In our plentiful small lakes, bass form the royals.
Both largemouth and smallmouth bass are a popular sport fish, attracting a large fishing industry across Ontario. Right now, many Ontarians are getting out into nature to pull bass from the water as the season just opened at the end of June. In the HSA, bass are present in our lakes. Many of us have caught a smallmouth bass or know someone very passionate about bass fishing.
Large-sized fish need a large-size meal plan to support themselves. The preferred diet of smallmouth bass usually has crayfish and minnows on the menu. This diet plan is so well established that my Royal Ontario Museum Freshwater Fishes of Ontario field guide features a smallmouth bass alongside a crayfish on the cover.
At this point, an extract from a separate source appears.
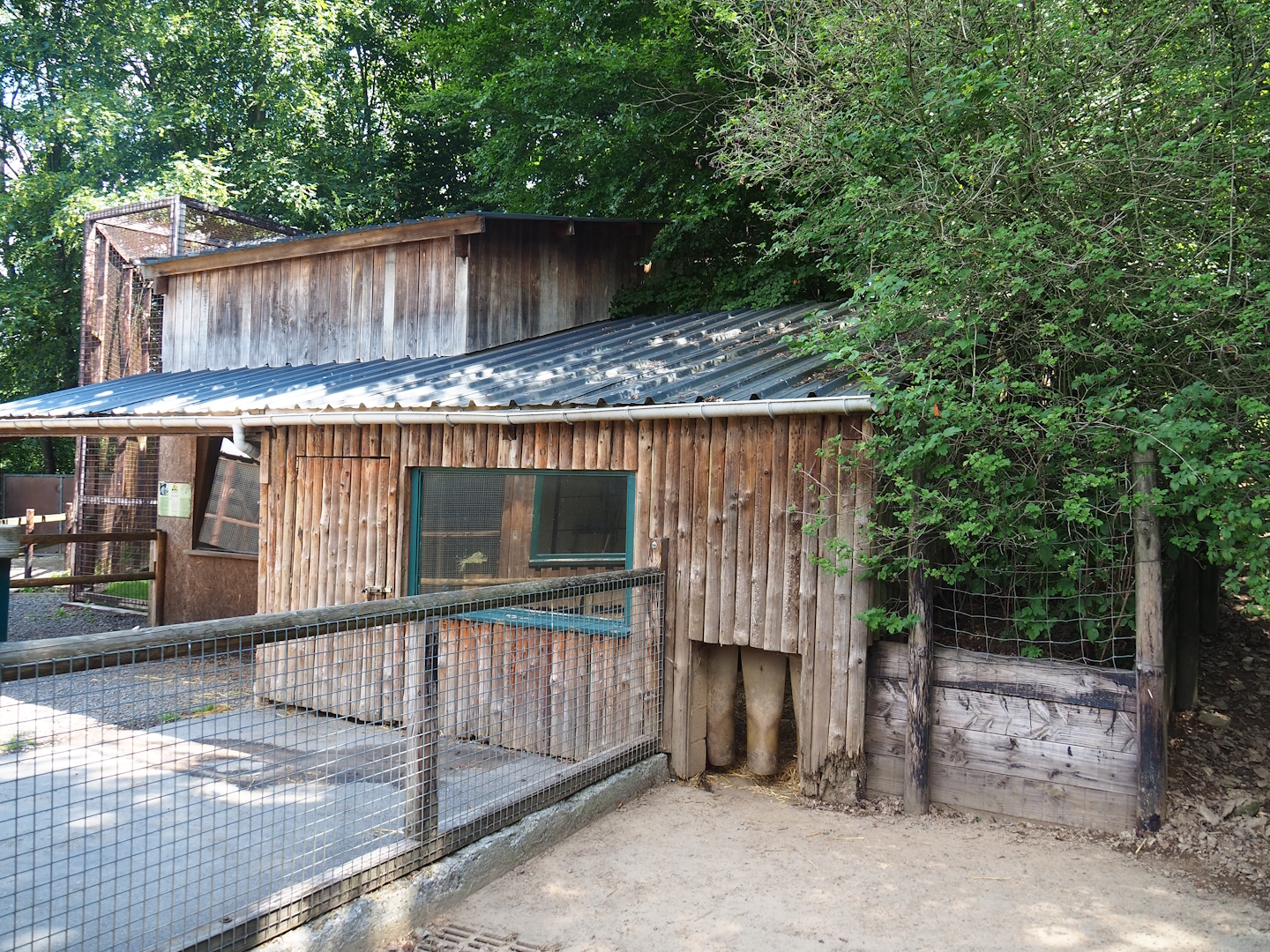 Collared peccary barn, 2023-06-242023-06-24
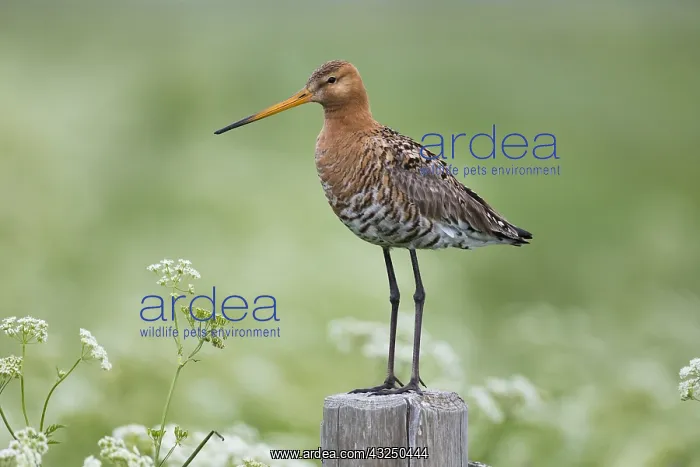 : Bar - tailed Godwit - Island of Texel, The Netherlands : Bar - tailed Godwit - Island of Texel, The Netherlands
July is the favourite time for bass fishing. Not only are the days long and evenings warm, but the fish are biting, too! The youngest bass are now preparing for the winter by building up fat stores. During winter, bass enter a hibernation-like state, relying on built energy reserves to pull them through until summer — much like we did during this past March, April, and May. Preferred fatty prey are most abundant in July when waters are warmest. As air and water temperatures increase with climate change, there is an increase in bass winter survival, causing more and more bass roaming the lakes the following summer.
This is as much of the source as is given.